By Marla Ogletree

Stephanie Green, of Folkston, has taken a long road to becoming a Nurse Practitioner, but she’s learned a lot along the way. 

Green started her career as a CNA at Charlton Memorial Hospital and then moved on to become an EMT. During her time with the EMS Department, Green attended nursing school, working hard to earn her degree. She then realized she wasn’t quite done and knew her calling was to become a Nurse Practitioner. 

  “I know I was called to do what I do,” said Green.

Green works at Camden Primary Care, which has set up a separate office for sick-only appointments, and is acting as a COVID-19 clinic, where testing is done. With all of the chaos in other places, she says she is surprised the office has not been overrun.

“There are days when we’re super busy and there are days with slump,” said Green, “Surprisingly, people have not flooded in. Some are scared, but a lot of people will call because they don’t want to take the risk.”

Though there seems to be a decline in the national curve, Charlton’s numbers have steadily risen and currently sit at 29 confirmed cases.

 “We’re seeing a little bit of a downhill slide, but people are so uneasy right now,” she stated.

For Green, the hardest part of battling the virus has been a matter of the heart. Due to restrictions, loved ones are not allowed to visit their elderly family, and for a woman so close to her own, she says it’s difficult to witness.

Green said, “I’ve always said patients’ families’ being there for support plays a big part in the patient’s recovery. Now they can’t be there because everyone is being so protective. So nurses take on that role.”

Being a nurse practitioner, Green spends more quality time with her patients and really gets to know them.

“These are our patients. We’ve built relationships with them and you know their family,” she said, “I feel personally responsible for them and their outcome. That’s why we do everything we can to keep them from going to the hospital.”

Another heavy burden weighing on her heart is the health of her own family. Green is married to Sergeant Perry Green who works for both the Charlton County Sheriff’s Office and Homeland Police Department and is an important component of the community’s safety. As hard as it may be, she is doing her part in making sure he stays healthy.

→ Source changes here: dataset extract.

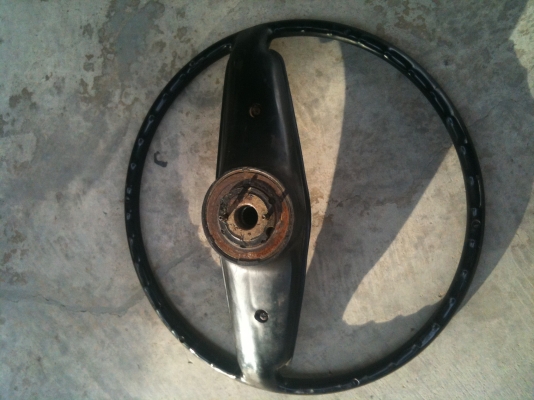 ฝาท้าย Datsun 620 และพวงมาลัยขาย 1,600 บาท พร้อมส่ง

“My biggest fear is carrying something home to him. I even wore a mask at home,” she said, “But then he explained that he’s exposed everyday too because of his job.”

Green a big “hugger” and has struggled with the social distancing, especially when it comes to the children in her family. 

“I feel isolated – which I did myself. I don’t want to accidentally bring it home to everyone,” she shared, “I wear masks, we don’t do hugs or kisses like we usually get and the kids don’t really understand.”

The separation from family has hit hard for those who not only are in the hospital, but for those treating the sick. Around the country, many are feeling the loss of a loved one in some capacity due to the virus – even if it just means you haven’t seen them in a while.

Green said, “It’s been a challenge. I’m very close to them and used to seeing them all the time.”

It is important to do your part to keep the ones you love safe and healthy. 

“I encourage people to get plenty of rest, eat a healthy diet, and remain active – basically live a healthy lifestyle! I also think it is important to wear a mask when you are in public,” she said, “We have to be our brothers keeper in a sense. Wearing a mask helps prevent the spread of respiratory droplets. Many patients are asymptomatic for weeks and may unknowingly spread the virus. 

Hand washing is very important! I am not a huge supporter of the general public wearing gloves. I feel it offers a false sense of security. If we wash our hands or use hand sanitizer, that is a much safer practice.”